### WHAT NEEDS TO BE DONE
What is needed is an exact copy of the lines from the one containing "3005 - BELLA" through the last line of the records below, with no pictures.

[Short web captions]
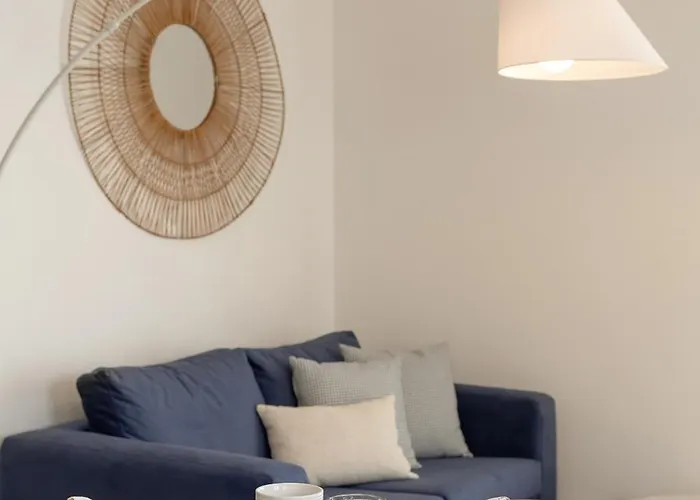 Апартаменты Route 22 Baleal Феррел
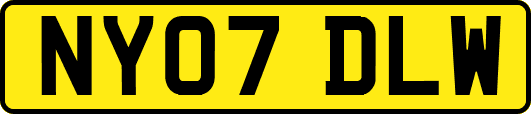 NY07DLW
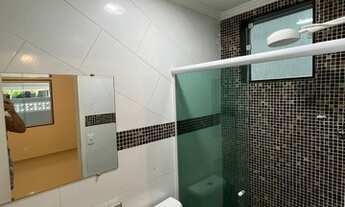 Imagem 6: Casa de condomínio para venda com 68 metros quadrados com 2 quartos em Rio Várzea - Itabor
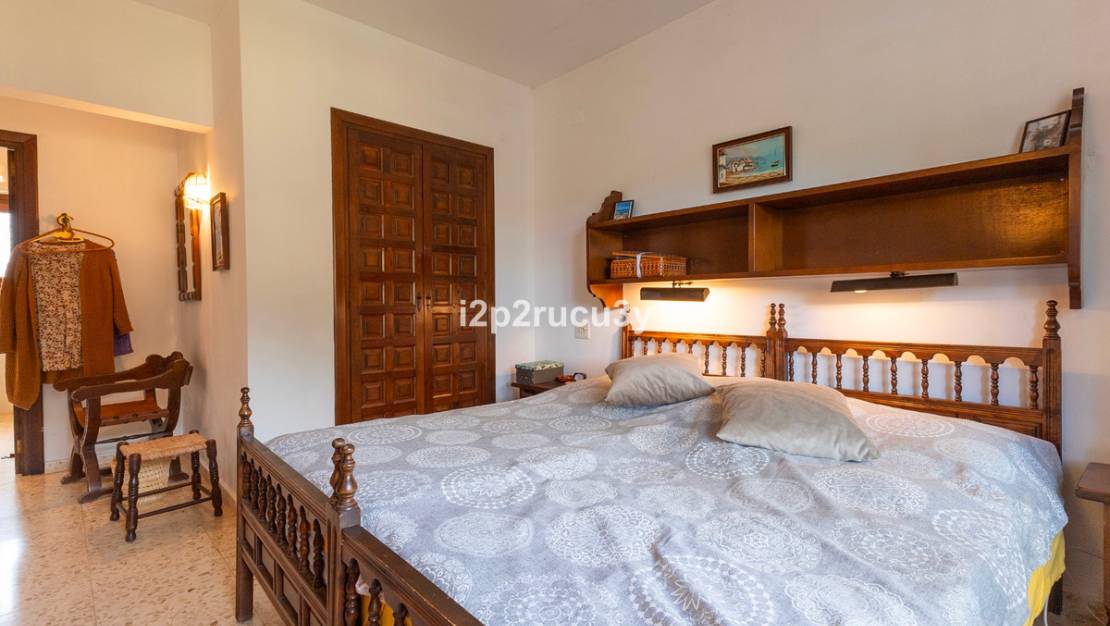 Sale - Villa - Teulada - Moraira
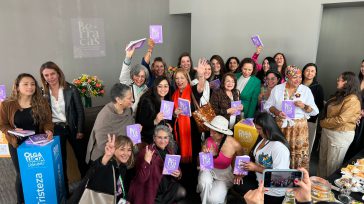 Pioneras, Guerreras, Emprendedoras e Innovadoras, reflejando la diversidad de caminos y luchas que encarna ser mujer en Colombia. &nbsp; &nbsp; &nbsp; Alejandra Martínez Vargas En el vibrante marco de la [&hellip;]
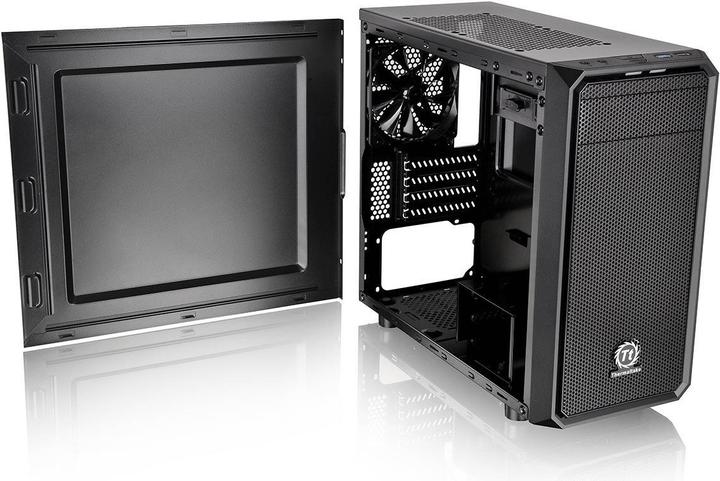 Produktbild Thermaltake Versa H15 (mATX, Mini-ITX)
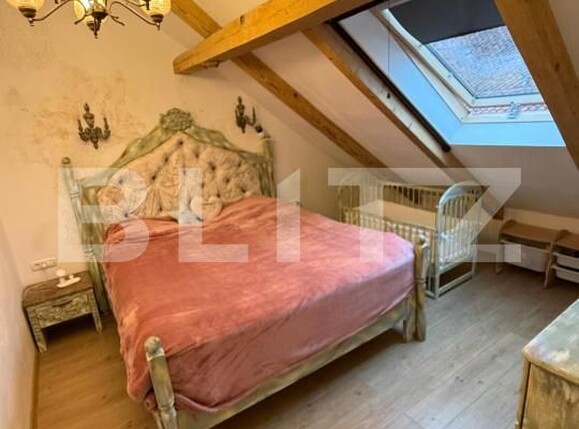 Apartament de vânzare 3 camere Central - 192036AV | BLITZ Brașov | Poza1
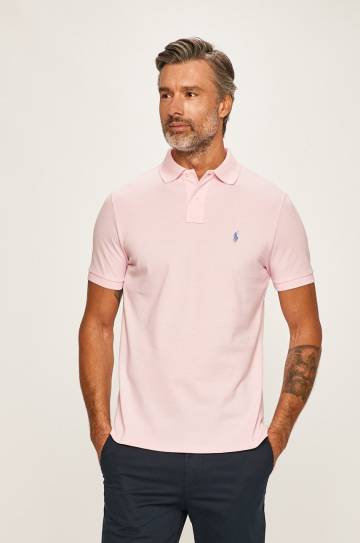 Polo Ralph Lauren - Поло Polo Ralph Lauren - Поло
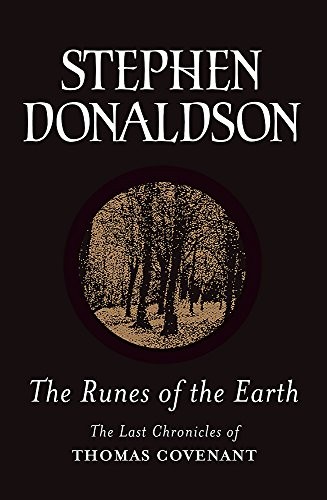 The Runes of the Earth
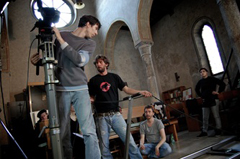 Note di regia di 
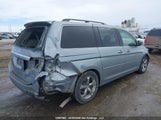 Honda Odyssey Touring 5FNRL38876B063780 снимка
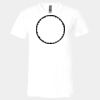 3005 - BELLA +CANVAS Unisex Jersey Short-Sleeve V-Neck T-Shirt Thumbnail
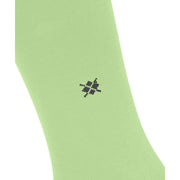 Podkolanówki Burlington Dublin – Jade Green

### WRITTEN SOLUTION
 3005 - BELLA +CANVAS Unisex Jersey Short-Sleeve V-Neck T-Shirt Thumbnail
 Podkolanówki Burlington Dublin – Jade Green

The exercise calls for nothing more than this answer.